===== DATA SHOWN
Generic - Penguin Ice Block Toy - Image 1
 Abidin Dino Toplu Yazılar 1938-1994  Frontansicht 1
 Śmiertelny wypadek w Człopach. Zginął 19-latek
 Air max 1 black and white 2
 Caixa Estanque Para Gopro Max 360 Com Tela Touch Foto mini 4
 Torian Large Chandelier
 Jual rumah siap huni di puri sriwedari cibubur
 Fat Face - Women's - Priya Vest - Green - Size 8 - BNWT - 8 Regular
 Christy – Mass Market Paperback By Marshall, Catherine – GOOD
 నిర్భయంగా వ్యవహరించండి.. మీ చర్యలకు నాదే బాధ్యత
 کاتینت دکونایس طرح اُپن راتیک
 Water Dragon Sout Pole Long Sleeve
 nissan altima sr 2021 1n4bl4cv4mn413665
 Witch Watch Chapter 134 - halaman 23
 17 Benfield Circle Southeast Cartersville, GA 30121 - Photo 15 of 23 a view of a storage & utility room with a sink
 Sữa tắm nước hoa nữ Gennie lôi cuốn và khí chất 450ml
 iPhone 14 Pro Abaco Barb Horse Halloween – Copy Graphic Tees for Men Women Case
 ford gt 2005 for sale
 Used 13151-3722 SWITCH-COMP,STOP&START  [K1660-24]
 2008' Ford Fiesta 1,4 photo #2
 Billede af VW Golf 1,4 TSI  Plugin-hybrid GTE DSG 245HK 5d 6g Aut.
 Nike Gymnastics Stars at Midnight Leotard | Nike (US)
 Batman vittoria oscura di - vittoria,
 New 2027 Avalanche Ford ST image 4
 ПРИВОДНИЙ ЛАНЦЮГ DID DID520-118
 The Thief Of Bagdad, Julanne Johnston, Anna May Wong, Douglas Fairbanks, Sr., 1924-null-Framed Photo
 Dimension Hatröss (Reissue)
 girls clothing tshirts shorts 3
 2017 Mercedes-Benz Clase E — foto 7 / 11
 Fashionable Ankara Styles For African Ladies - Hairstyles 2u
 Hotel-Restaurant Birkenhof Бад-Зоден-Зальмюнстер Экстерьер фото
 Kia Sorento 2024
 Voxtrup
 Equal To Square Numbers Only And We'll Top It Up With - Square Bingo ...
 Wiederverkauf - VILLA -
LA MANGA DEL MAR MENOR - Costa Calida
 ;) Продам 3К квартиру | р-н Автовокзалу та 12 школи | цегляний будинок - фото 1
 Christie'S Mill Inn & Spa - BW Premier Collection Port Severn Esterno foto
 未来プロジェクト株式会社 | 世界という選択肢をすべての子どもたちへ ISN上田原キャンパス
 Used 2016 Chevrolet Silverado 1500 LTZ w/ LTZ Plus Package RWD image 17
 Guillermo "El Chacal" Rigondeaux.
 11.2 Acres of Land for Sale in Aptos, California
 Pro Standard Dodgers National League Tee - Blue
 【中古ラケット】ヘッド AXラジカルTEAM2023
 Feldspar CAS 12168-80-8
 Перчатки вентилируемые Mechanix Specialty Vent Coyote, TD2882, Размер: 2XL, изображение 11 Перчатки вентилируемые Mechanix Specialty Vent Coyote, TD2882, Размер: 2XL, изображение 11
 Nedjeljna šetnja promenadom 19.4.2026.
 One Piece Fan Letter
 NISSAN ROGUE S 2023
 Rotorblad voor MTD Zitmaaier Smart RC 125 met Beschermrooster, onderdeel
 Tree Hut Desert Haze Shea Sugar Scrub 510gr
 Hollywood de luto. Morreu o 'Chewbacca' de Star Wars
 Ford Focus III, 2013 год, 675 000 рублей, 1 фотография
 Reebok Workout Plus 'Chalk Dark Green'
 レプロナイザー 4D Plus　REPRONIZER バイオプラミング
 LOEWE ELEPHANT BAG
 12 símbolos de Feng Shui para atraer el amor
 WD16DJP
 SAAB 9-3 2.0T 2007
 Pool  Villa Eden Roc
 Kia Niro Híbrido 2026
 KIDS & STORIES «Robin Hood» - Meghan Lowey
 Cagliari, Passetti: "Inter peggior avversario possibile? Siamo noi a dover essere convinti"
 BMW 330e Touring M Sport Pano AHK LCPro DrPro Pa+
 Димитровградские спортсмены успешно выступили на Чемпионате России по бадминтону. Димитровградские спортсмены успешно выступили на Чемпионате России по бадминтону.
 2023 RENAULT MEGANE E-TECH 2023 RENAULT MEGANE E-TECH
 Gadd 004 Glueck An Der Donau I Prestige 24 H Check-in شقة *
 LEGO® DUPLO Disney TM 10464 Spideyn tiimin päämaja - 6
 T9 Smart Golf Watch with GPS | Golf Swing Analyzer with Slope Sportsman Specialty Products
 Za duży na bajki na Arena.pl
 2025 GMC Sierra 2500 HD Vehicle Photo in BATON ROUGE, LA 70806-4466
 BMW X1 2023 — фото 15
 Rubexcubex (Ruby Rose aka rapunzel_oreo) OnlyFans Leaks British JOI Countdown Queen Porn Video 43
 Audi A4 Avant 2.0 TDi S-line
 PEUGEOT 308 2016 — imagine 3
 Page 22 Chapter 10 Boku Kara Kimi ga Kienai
==========
• [ACTIVITY]:
Output, and output only, the lines from the one containing "Rotorblad voor MTD" through the last line of the data above.

• [SOLUTION FOR THIS PROBLEM]:
 Rotorblad voor MTD Zitmaaier Smart RC 125 met Beschermrooster, onderdeel
 Tree Hut Desert Haze Shea Sugar Scrub 510gr
 Hollywood de luto. Morreu o 'Chewbacca' de Star Wars
 Ford Focus III, 2013 год, 675 000 рублей, 1 фотография
 Reebok Workout Plus 'Chalk Dark Green'
 レプロナイザー 4D Plus　REPRONIZER バイオプラミング
 LOEWE ELEPHANT BAG
 12 símbolos de Feng Shui para atraer el amor
 WD16DJP
 SAAB 9-3 2.0T 2007
 Pool  Villa Eden Roc
 Kia Niro Híbrido 2026
 KIDS & STORIES «Robin Hood» - Meghan Lowey
 Cagliari, Passetti: "Inter peggior avversario possibile? Siamo noi a dover essere convinti"
 BMW 330e Touring M Sport Pano AHK LCPro DrPro Pa+
 Димитровградские спортсмены успешно выступили на Чемпионате России по бадминтону. Димитровградские спортсмены успешно выступили на Чемпионате России по бадминтону.
 2023 RENAULT MEGANE E-TECH 2023 RENAULT MEGANE E-TECH
 Gadd 004 Glueck An Der Donau I Prestige 24 H Check-in شقة *
 LEGO® DUPLO Disney TM 10464 Spideyn tiimin päämaja - 6
 T9 Smart Golf Watch with GPS | Golf Swing Analyzer with Slope Sportsman Specialty Products
 Za duży na bajki na Arena.pl
 2025 GMC Sierra 2500 HD Vehicle Photo in BATON ROUGE, LA 70806-4466
 BMW X1 2023 — фото 15
 Rubexcubex (Ruby Rose aka rapunzel_oreo) OnlyFans Leaks British JOI Countdown Queen Porn Video 43
 Audi A4 Avant 2.0 TDi S-line
 PEUGEOT 308 2016 — imagine 3
 Page 22 Chapter 10 Boku Kara Kimi ga Kienai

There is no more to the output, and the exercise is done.